→ **WHAT YOU SHOULD DO**: In the listing below, find the line containing "708 Shenanigan Loop, Murrells" and the line containing "205 N Moetz". Repeat exactly those two lines and every line between them, nothing more.

*** PROVIDED DATA

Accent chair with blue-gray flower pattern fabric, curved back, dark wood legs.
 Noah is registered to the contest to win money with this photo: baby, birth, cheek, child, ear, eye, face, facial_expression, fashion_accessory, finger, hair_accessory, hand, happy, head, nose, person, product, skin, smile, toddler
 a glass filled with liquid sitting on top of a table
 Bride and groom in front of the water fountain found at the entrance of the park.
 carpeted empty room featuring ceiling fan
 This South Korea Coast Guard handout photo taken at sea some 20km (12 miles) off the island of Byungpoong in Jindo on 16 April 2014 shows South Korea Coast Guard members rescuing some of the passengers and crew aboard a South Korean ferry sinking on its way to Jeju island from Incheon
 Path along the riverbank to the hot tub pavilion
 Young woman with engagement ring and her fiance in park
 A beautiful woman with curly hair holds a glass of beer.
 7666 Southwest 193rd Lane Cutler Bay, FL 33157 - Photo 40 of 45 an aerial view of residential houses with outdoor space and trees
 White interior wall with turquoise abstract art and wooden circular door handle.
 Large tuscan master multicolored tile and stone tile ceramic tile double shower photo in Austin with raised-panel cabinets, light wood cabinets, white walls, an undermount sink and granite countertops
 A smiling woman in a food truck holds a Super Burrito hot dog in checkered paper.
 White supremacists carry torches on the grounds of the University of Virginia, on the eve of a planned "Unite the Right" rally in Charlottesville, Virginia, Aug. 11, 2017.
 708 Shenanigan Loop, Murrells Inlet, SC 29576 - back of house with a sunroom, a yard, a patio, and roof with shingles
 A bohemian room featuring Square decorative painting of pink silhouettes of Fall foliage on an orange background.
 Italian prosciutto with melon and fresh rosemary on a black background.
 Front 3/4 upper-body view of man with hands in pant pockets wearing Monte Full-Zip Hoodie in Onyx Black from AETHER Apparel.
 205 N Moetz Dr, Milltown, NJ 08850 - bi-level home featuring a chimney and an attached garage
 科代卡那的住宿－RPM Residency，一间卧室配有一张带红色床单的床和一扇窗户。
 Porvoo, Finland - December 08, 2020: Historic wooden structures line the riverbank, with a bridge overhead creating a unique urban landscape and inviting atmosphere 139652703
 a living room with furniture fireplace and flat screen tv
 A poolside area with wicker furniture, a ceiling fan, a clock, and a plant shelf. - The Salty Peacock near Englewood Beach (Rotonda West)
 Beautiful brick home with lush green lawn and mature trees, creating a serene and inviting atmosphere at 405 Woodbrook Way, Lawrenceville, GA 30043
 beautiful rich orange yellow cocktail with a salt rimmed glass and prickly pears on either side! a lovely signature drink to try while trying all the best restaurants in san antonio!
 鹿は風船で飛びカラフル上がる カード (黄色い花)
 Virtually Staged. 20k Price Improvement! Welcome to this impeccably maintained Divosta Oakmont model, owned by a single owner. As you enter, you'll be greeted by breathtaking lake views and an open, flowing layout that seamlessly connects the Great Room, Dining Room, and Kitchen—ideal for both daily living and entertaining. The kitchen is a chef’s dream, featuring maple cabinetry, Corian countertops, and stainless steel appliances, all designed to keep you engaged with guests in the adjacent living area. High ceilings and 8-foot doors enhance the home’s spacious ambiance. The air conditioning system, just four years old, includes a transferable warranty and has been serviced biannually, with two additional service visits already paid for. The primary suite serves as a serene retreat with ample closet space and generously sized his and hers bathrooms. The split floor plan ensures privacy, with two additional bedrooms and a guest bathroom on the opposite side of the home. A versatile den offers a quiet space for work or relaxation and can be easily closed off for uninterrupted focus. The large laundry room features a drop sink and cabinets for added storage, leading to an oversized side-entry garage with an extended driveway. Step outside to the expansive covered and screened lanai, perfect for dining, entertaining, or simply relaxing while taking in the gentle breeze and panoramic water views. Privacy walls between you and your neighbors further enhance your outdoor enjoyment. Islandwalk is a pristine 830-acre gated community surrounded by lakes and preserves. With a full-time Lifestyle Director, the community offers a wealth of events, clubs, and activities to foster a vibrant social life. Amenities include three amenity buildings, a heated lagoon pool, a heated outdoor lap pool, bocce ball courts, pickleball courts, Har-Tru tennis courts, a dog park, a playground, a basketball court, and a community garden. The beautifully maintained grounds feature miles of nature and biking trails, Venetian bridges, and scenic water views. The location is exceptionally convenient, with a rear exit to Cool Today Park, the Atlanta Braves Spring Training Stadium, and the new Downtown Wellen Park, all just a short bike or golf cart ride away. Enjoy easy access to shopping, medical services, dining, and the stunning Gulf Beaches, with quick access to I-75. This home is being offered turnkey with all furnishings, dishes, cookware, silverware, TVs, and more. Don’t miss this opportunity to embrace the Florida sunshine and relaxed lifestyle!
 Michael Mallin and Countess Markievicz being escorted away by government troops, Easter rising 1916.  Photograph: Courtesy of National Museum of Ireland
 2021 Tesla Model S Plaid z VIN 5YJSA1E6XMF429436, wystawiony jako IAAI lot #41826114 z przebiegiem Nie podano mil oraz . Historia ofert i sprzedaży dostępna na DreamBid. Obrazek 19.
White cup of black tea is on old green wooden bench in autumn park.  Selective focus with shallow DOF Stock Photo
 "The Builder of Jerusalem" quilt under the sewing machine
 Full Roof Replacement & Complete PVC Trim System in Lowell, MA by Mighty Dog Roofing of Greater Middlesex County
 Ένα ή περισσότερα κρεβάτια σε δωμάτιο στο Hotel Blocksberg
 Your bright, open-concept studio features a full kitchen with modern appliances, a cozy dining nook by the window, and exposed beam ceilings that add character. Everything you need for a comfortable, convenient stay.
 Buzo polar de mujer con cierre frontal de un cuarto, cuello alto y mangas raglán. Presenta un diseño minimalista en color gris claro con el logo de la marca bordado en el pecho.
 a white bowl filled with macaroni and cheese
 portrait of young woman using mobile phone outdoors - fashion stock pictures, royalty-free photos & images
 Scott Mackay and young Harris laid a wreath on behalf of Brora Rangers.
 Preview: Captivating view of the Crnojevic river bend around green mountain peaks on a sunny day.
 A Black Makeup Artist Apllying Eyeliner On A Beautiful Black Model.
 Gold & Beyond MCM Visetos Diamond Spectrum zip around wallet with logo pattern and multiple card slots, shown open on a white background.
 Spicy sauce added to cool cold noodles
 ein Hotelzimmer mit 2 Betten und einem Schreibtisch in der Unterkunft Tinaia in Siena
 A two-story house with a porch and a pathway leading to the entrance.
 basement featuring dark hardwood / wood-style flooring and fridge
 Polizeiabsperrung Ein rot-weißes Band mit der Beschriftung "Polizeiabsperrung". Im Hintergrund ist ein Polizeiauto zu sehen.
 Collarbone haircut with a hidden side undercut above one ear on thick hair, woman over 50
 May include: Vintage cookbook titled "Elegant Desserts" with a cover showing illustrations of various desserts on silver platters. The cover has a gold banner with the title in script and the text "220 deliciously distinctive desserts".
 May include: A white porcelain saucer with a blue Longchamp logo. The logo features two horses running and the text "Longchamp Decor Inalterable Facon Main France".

******

→ **RESPONSE FOR THIS EXERCISE**:
 708 Shenanigan Loop, Murrells Inlet, SC 29576 - back of house with a sunroom, a yard, a patio, and roof with shingles
 A bohemian room featuring Square decorative painting of pink silhouettes of Fall foliage on an orange background.
 Italian prosciutto with melon and fresh rosemary on a black background.
 Front 3/4 upper-body view of man with hands in pant pockets wearing Monte Full-Zip Hoodie in Onyx Black from AETHER Apparel.
 205 N Moetz Dr, Milltown, NJ 08850 - bi-level home featuring a chimney and an attached garage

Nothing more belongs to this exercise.